Candied orange peels, easily and quickly made with organic oranges from my little tree in the garden. Now that they are fully ripe, I take the opportunity to make some stock, candied orange peels, to use in all my homemade desserts, from the classic pastiera to Sicilian cannoli. I used a very simple and quick method to prepare them, and I must say it was very effective, they turned out perfect, better than the ones I made last year, which involved more steps and work, boiling the peels with syrup three times over several days, cooling the syrup each time. I was so thrilled with this result that I want to share it with you, I’m sure you’ll appreciate this simple, quick, and super effective method. I keep them soft, stored in a jar, in the fridge, and they last for several months.

- Difficulty: Very Easy
- Cost: Very Cheap
- Preparation time: 15 Minutes
- Portions: 200 g (1 small jar)
- Cooking methods: Stovetop
- Cuisine: Italian
- Seasonality: Winter
Ingredients for Candied Orange Peels
- 4 oranges
- as needed sugar
- as needed water
Tools to Make Candied Orange Peels
- 1 Cutting board
- 1 Knife
- 1 Pan
- 1 Spoon
- 1 Strainer
Steps to Prepare Candied Orange Peels
Wash and dry the oranges. Using a knife, cut the peel into large wedges and gently separate it from the orange pulp without breaking it.

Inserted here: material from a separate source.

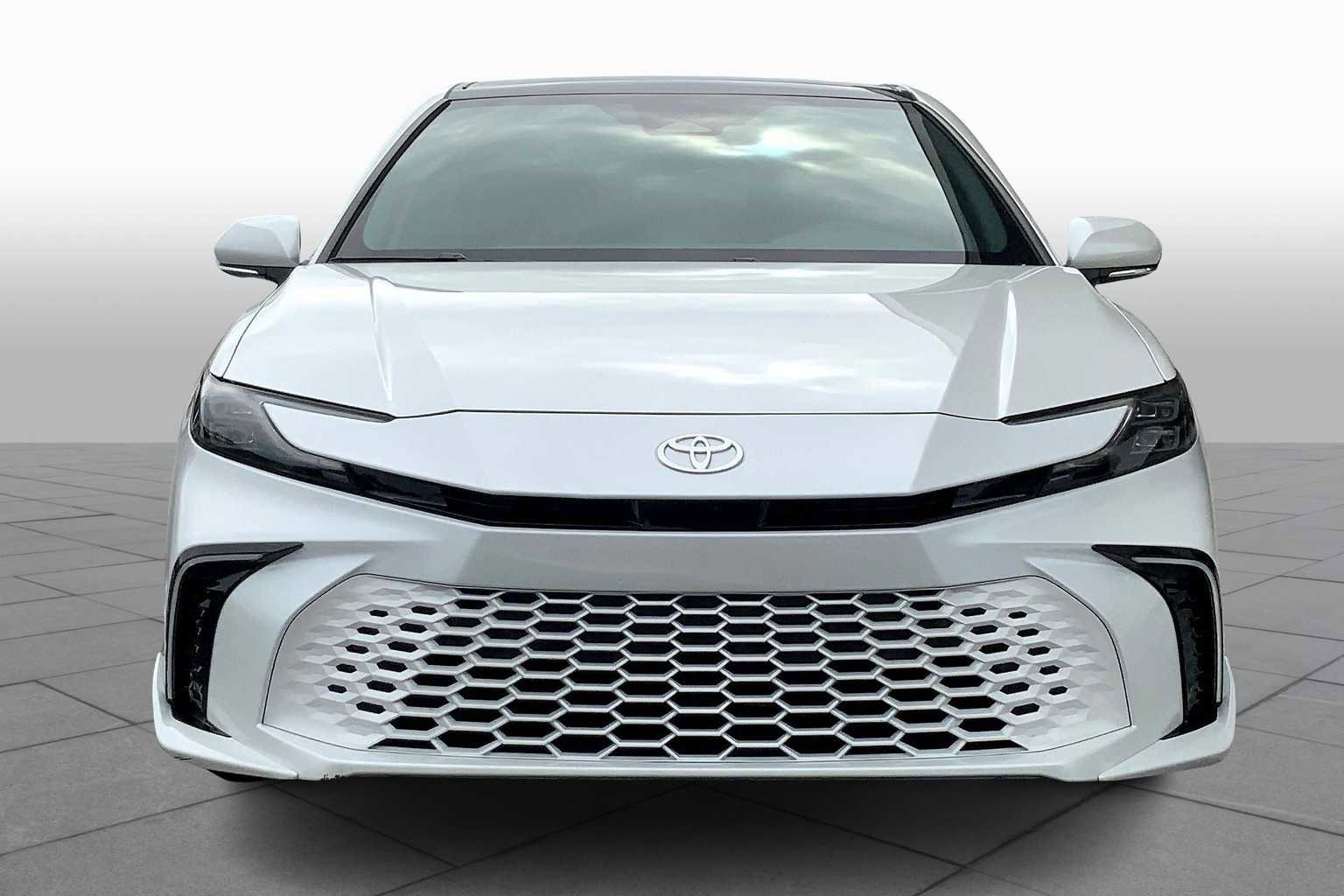 Used 2025 Toyota Camry XSE image 3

With a sharp knife, remove the inner part of the peel, the white part, which is more bitter.
Now, working on the cutting board, slice all the peels thinner, making the candied process quicker.
Place the peels in a pan, or a small pot, with plenty of water, about 4 cups for 4 oranges, and cook for 5 minutes after it starts boiling.
When the water has turned a nice yellow color, turn off the heat and drain the oranges; if you like, you can use the water to flavor desserts.
Drain the boiled orange peels, weigh them, and put them back in the pan. Weigh the same amount of sugar and half the amount of water, and bring to a boil again. Let the syrup almost completely evaporate, and then your candied orange peels will be ready. They turn out excellent and keep well for a long time stored in a jar with the syrup, kept in the fridge.